Besides the obvious reasons dog bark; greetings, warnings and loneliness, there might be another reason: because they can. They really have nothing to say, but it passes the time. It’s the canine version of Facebook.
There are a few stumbling blocks to attempting yoga here at the Lodge. The candles are lit, the New Age music hums in the background. All is serene except a handful of small, yappy dogs. Small, yappy dogs that are convinced I have come up with a new game for them. They tug at the yoga mat, prop themselves against my Lotus-twisted thighs and collapse belly up two inches away from my ground-level nose.
My favorite pose, Downward Facing Dog, perfectly mimics our friends’ paws-down, butt-up gesture that signals play! I do not want to play, I tell the guests. I want to do twenty minutes of something I really don’t want to do. Yoga is slow, methodical and focused, everything I am not. It keeps company with all the other things I don’t want to do; teeth cleaning and colonoscopies, to name a few.
The guests ignore me when I explain this, too busy chasing each other around and under my Bridge pose. Half the time, the guests win out. I give up, laughing and rolling around with them. This is what I call Doga, an exercise regimen that builds the heart and happiness muscles. I like it way better than all the Warrior poses in the world.
Have you looked at your dog tag lately? Your dog’s, actually. Having had hundreds of guests visit Little Pup Lodge over the years, I’ve noticed the following fails with identification info:
Engraved name tags with name and phone number worn off. It happens over time and not the kind of thing a guardian would notice, so take a look-see.
Out-of-date contact information.
Rabies, chip, and license tags but no i.d.
Identification tags on harnesses, though the dog sometimes (or often) isn’t wearing it.
For the safety of your fur baby, always assume that a disaster looms just over the horizon. Could be another Katrina, earthquake, twister, or a recently elected lunatic with access to the nuclear codes. Be safe.

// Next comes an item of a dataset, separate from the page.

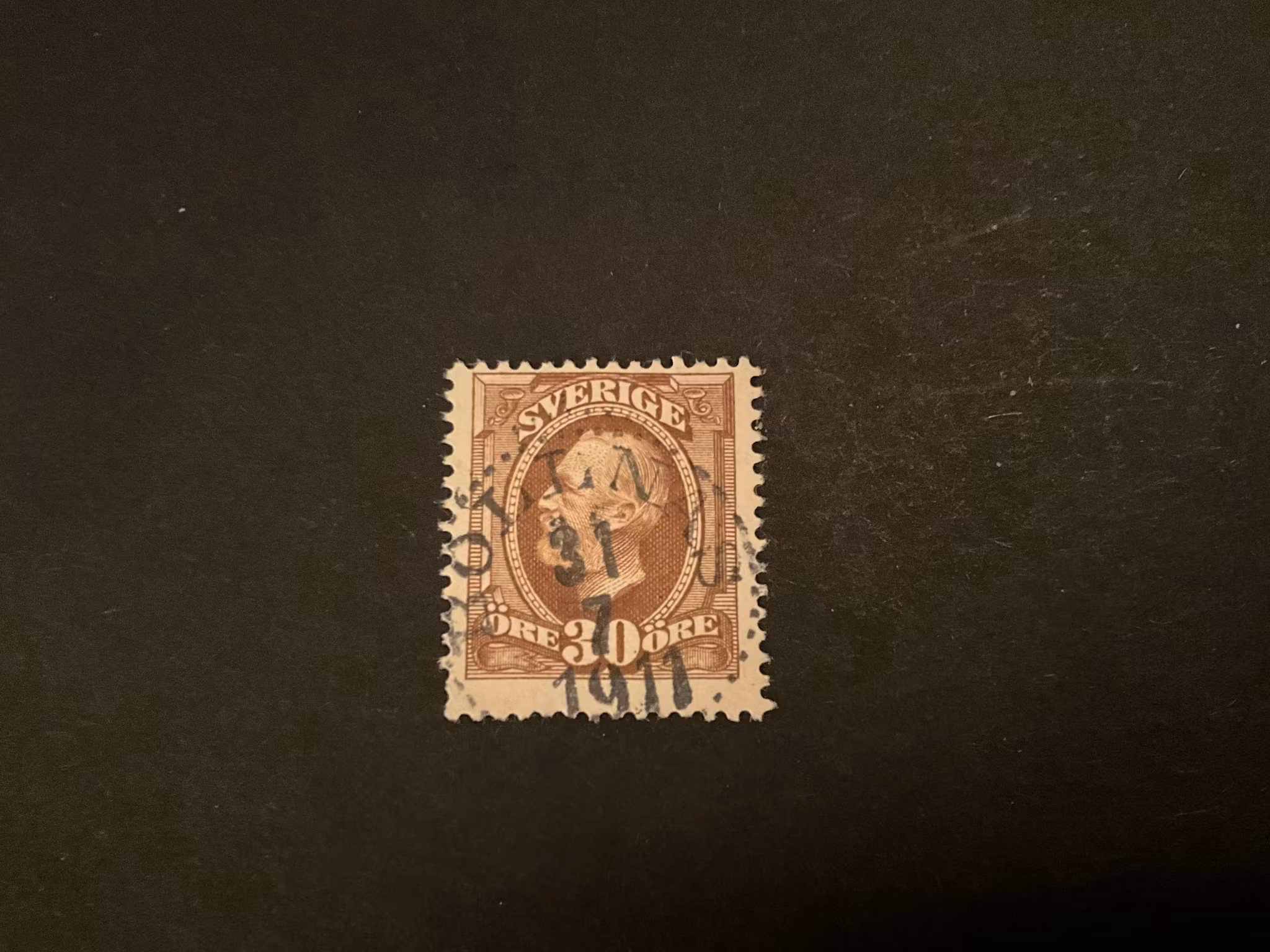 Oscar II facit 58 praktstämplat BOLLNÄS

Welcome to the first Little Pup Lodge blog entry. I wanted to name this the Odd Thought Dog Blog, but it was too long to fit on the menu. Here’s something I’ve been pondering: how many metaphors, analogies, idioms, etc. refer to man’s best friend? Here’s a few. Man’s best friend. Dog-tired. My dogs are barking (Translation: my feet are sore). Dog-day afternoon. Lie down with dogs, get up with fleas. Bone of contention. Barking up the wrong tree. Lie like a dog. Crooked as a dog’s hind leg. Dog-eat-dog world. Dog in a manger. Let sleeping dogs lie. I’m sure there’s many more; add yours. No fair googling!